Carrickcarnon is not exactly the centre of the universe. It is in fact a village, boasting a population in the hundreds, located about an hour’s drive from Dublin. It generated global headlines, however, when anti-Brexit campaigners took to the streets there in early October. They were protesting against the threat of a return to border controls between Northern Ireland and the Republic of Ireland. Mock checkpoints were erected at points along the boundary line, while in Carrickcarnon vehicles were held up while they were “inspected” by individuals pretending to be customs officers.
Even if it does not look that way today, Carrickcarnon still lies on an international boundary line, and it will soon be located on the outer edge of the European Union. Though the United Kingdom as a whole voted to leave the EU in June, Northern Ireland voted by a margin of 56 per cent to 44 to remain inside. In the constituencies located along the border, the percentages voting to “Remain” were even higher, hitting 78 per cent in the Foyle district which includes Northern Ireland’s second largest city.
People living in this region are worried that their freedom to travel and do business across the border will be hampered after the UK leaves the EU. These fears are stoked by memories of the hard border that existed between the Republic of Ireland and the UK during Northern Ireland’s long sectarian conflict in the second half of the twentieth century. Though the border has nominally been open for decades, free movement has only been a reality for the last twenty years.
Following the foundation of Northern Ireland and the Irish Free State (which later became the Republic of Ireland) in the early 1920s, the British and Irish governments negotiated the introduction of a borderless Common Travel Area between the two countries. This allowed citizens of both countries to travel between the two without a passport. Although this agreement was contingent on both countries enforcing the same immigration policy, it did not stop the two governments maintaining customs checks on the internal border.
The border was not invisible, or even particularly porous in the twentieth century. Co-operation between the Dublin and Belfast governments was virtually non-existent until the 1960s: train lines that crossed the border had been neglected by both sides and all but one ultimately closed down. There were no scheduled flights between north and south until the 1970s. Towns along both sides of the border, having lost half their hinterlands, went into sharp economic decline.
With the outbreak in 1969 of the violent conflict known with characteristic understatement as “The Troubles”, military checkpoints became a reality along the border – a necessary move as border towns like Warrenpoint and Monaghan played host to notorious atrocities.

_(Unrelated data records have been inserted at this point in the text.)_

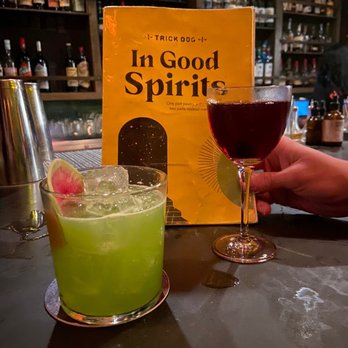 Trick Dog - Cocktail Bars Near Me - San Francisco, California Trick Dog - Cocktail Bars Near Me - San Francisco, California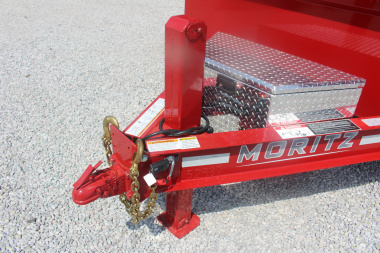 New 2025 Moritz 6' 10" x 14' Heavy Commercial DLH Series Dump Trailer - 14000# GVW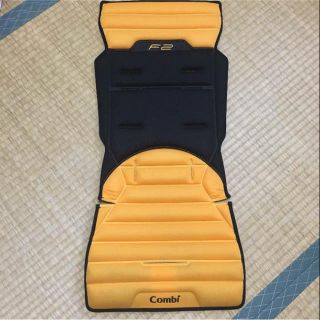 コンビ(combi)のコンビ B型ベビーカー F2 シートライナー イエロー(ベビーカー用アクセサリー)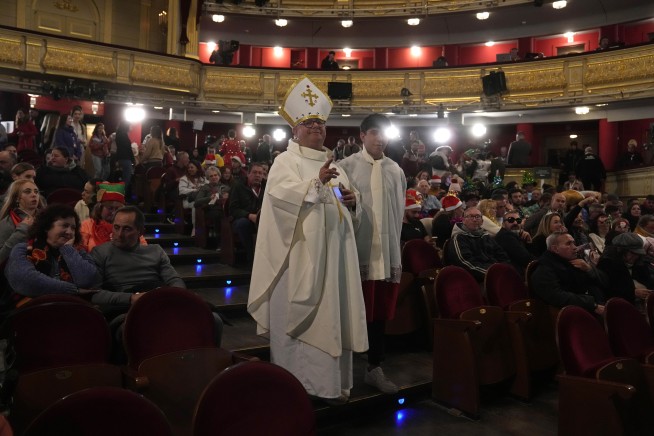 The top prize in Spain's 'El Gordo' Christmas lottery goes to tickets with the number 88008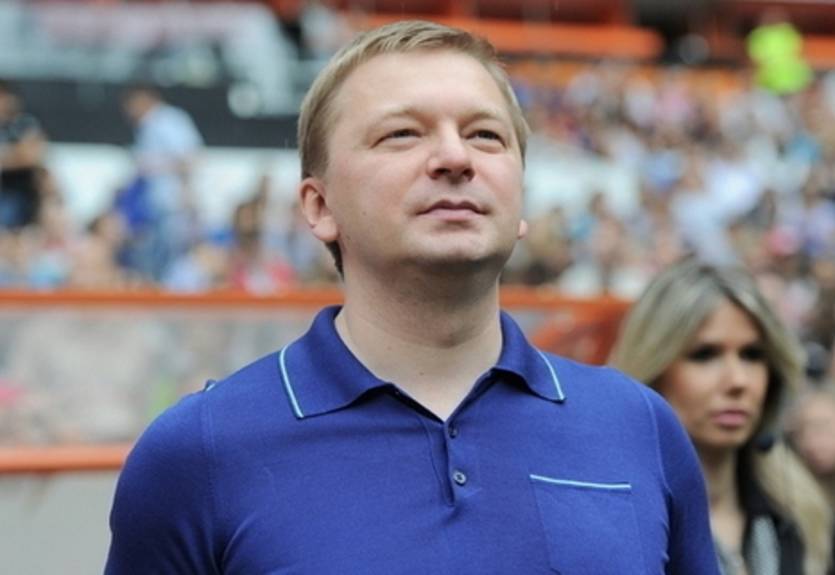 Палкин:  "Видим, как Воловик вырос в последнее время"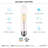 5 Watt (60 Watt Equivalent), T9 LED Dimmable Light Bulb, E26/Medium (Standard) Base-73222832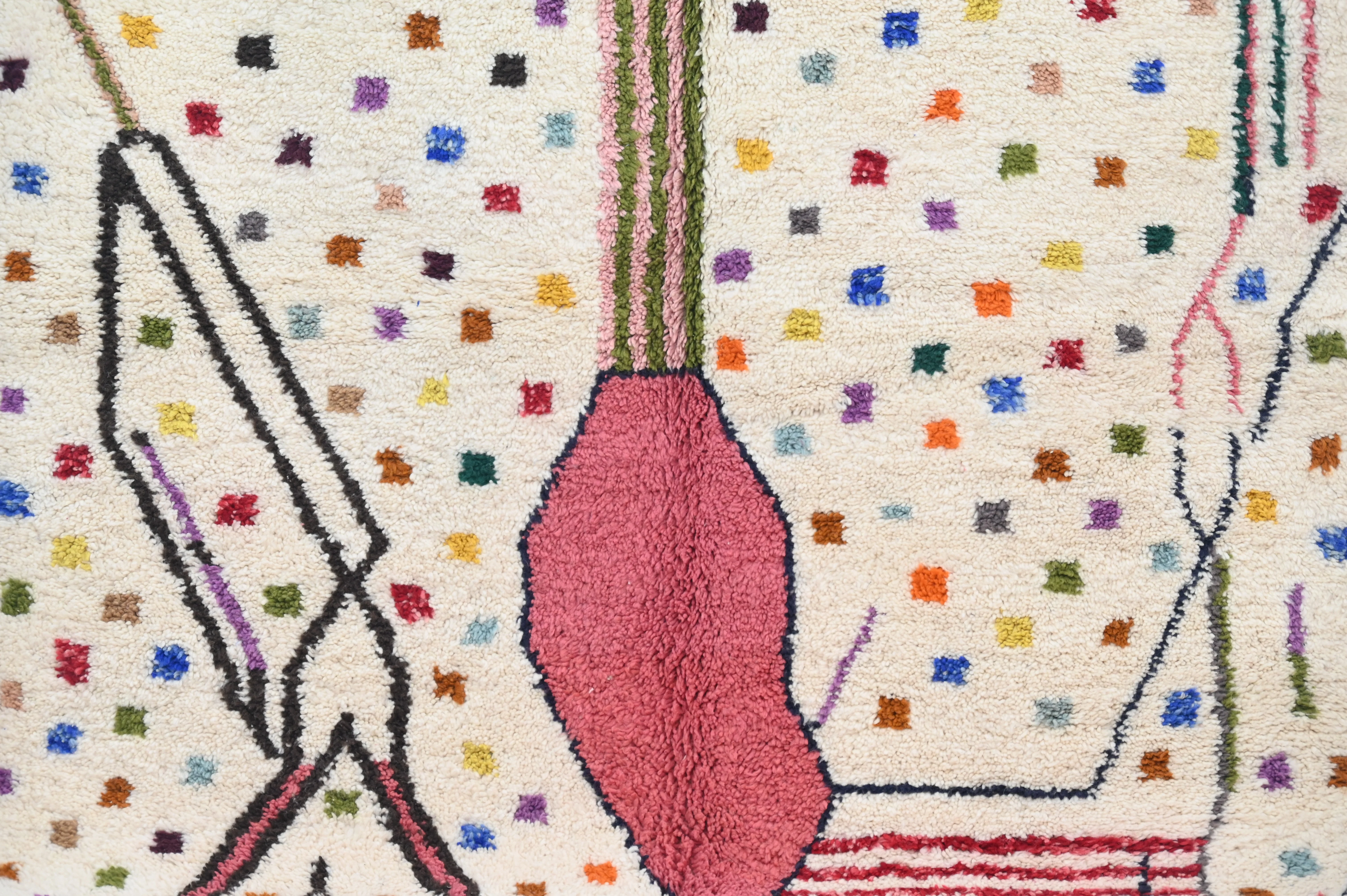 LARGE Azilal Rug, 300 x 210 cm, GO-817 - Image 3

European integration played an important role in healing these divisions. The customs checkpoints disappeared with the introduction of the European Single Market in 1993, and the military checkpoints began to be dismantled following the onset of peace in 1998. Despite its historical significance, it is hard now to tell where the border sits. The opening of the border has allowed for a level of social and economic integration that is unprecedented in modern history. Nowadays, the only sign of an international border as you drive between the two countries is the change from imperial speed limits to metric.

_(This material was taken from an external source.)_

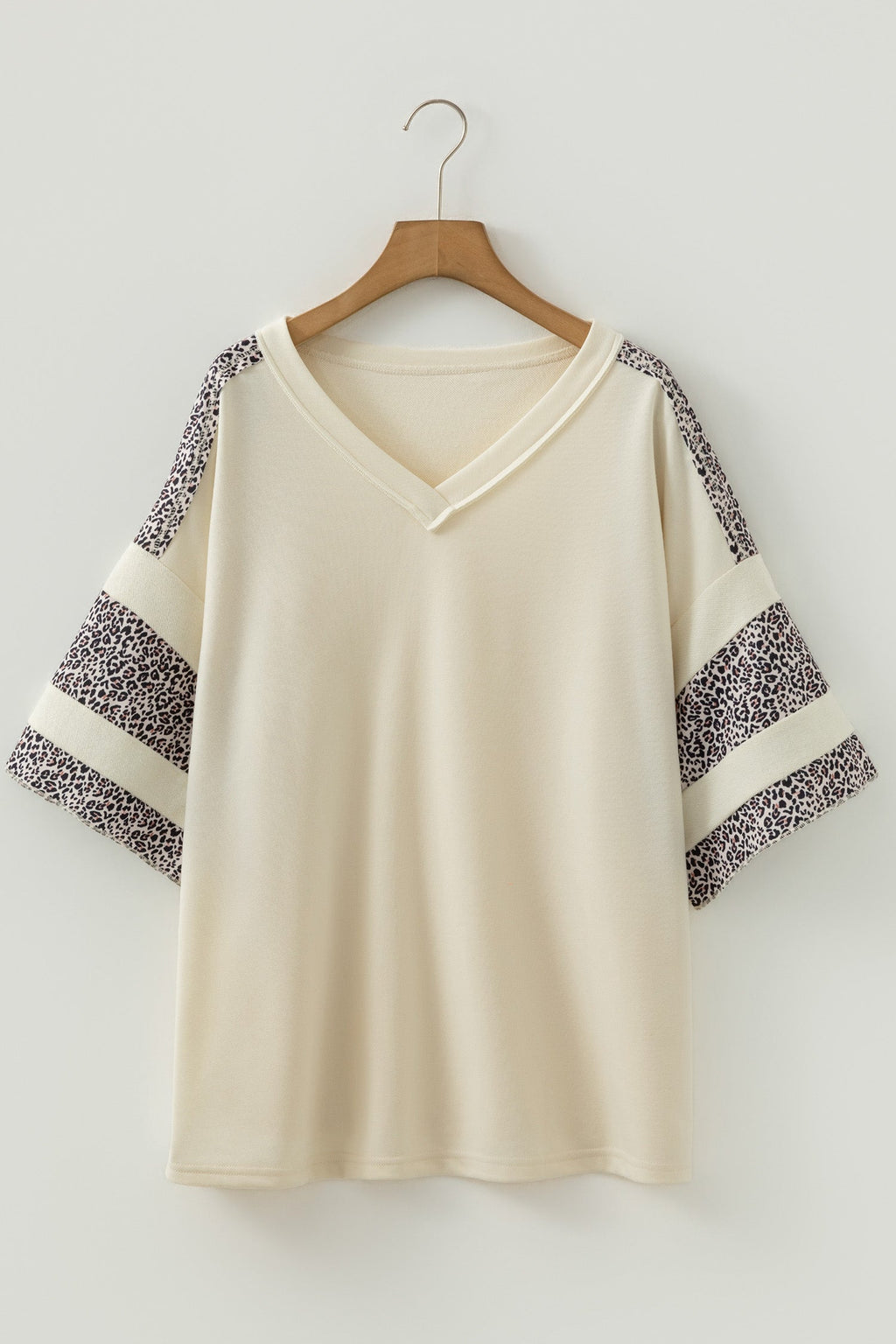 Mariana Patchwork Half Sleeve PLUS Top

The stakes are high for the border dwellers, then, and the Irish government has been left in a bind by the decision of UK voters to leave the EU. As it becomes increasingly likely that Britain will be leaving the Single Market in order to strengthen its immigration restrictions, the future of the Common Travel Area has come into question. “Hard Brexit” means a hard border, at least on paper, although the British government has consistently maintained its opposition to that. Indeed, it appears to be one of the few areas where we know exactly what Brexit means.
Negotiations between the two governments began in late summer. The most likely solution to the problem, it appears, is that passport checks will be put in place at air and sea ports on the island of Ireland, so that the border can be kept open. Administratively this is a simple solution, but its effect would be very limited – a great deal of undocumented migration involves overstayed visas, rather than individuals travelling without permission.

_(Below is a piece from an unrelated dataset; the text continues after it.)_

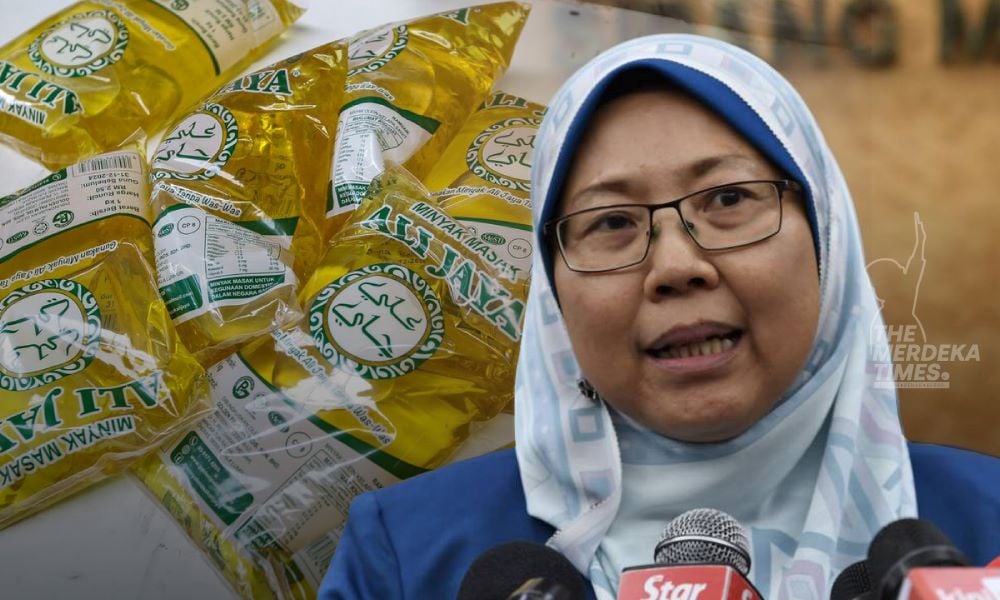 Minyak masak peket hanya untuk yang ada ID khas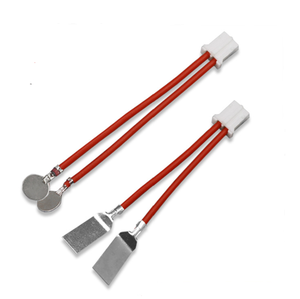 Factory Direct PH2.0-2P 5*5 Power Battery Spot Welding Cable 4x8 Battery Nickel Sheet Red Black Terminal Wire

Such a solution would also require people in Northern Ireland to purchase passports to visit other parts of the UK, since neither Britain nor Ireland have national ID cards. This is hardly a victory for the Unionist majority in the region, which supports Northern Ireland remaining in the United Kingdom. Most Unionists voted for Brexit: did they really envisage a hard border between themselves and Great Britain being the result?
One alternative to this eventuality is what Jim Gallagher of the Financial Times describes as “point control of migration”: instead of having checks at the border, it will be up to employers, landlords and service providers to check the legality of those who are residing in the UK. Whether these groups will dutifully carry out the border control work that has been outsourced to them is, of course, another matter.
It is still early days, but the Irish government is not about to make waves on this issue. Brexit poses a real threat to the Republic’s economy and Dublin would gain nothing by grandstanding. “Extending” the UK border to Irish airports and ferry terminals is a simple, politically expedient and practically painless measure, and it seems very likely that this will happen. That it will not address British voters’ demand for meaningful immigration control is a truth that no-one profits from acknowledging, so nobody is likely to make a fuss about it.
The people of Carrickcarnon, it appears, are probably safe enough.